If you are taking a lesson, check with your barn or instructor for their policies. They may have helmets or other gear you can borrow for your first lesson or two.
Otherwise, if you have not invested in dedicated riding gear yet, a pair of riding tights, a weather appropriate shirt and/or jacket, and a pair of shoes with medium traction and a small heel. Always wear a properly fitting helmet.
Q: What should you wear horseback riding in the summer?
Stick to lighter fabrics for your pants and tops. You will still want to follow the basic rules for choosing pants and shoes, but summer lessons are a good time to throw on a short sleeved cotton polo or that t-shirt you got for gym class.
Choose lighter socks that wick sweat, and remember you will still need your helmet.

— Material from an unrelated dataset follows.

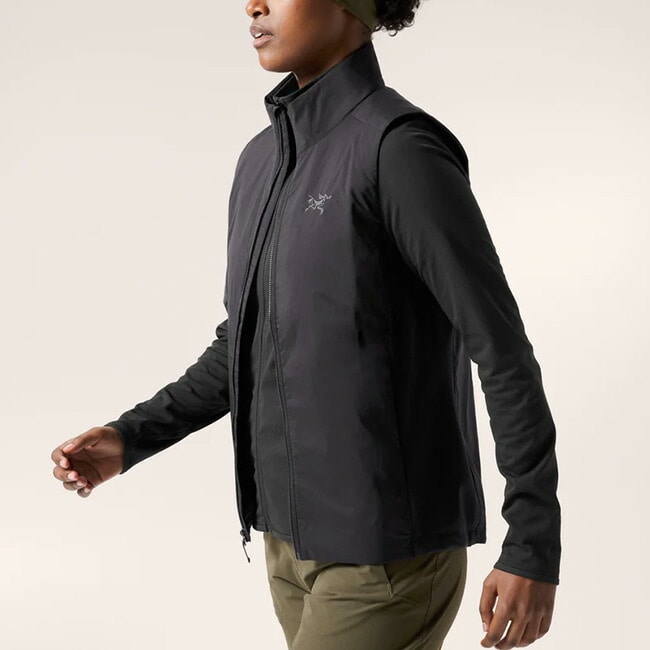 ARC'TERYX アークテリクス アトムベスト【ウィメンズ】(S ブラック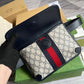 GG Chest Bag black meo   shoulder crossbody bag 674081 free shipping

Consider moving your lessons or riding time to the earlier part of the day to avoid the hottest weather and try to find shady areas or use an indoor arena to stay cool.
Bring lots of water and take breaks when you need them — both you and your horse will be getting hot faster. Be sure to give your horse a good cool down and lots of water after you ride.
Last, but not least… wear sunscreen!
Q: How should you dress for a riding lesson?
Check with your instructor for their specific policies, but many barns have fairly relaxed rules around lesson outfits. Typically, as long as they are comfortable and well fitting, regular tops and pants are acceptable.
Once you are sure you are going to stick with lessons, it is a good idea to invest in some riding specific gear to make sure you are as safe and comfortable as possible.
Q: How can I find affordable riding gear?
There is a huge market for used riding equipment and clothing. It is not uncommon for a rider to purchase an item and not get much use out of it before outgrowing it, deciding their horse does not like it, etc.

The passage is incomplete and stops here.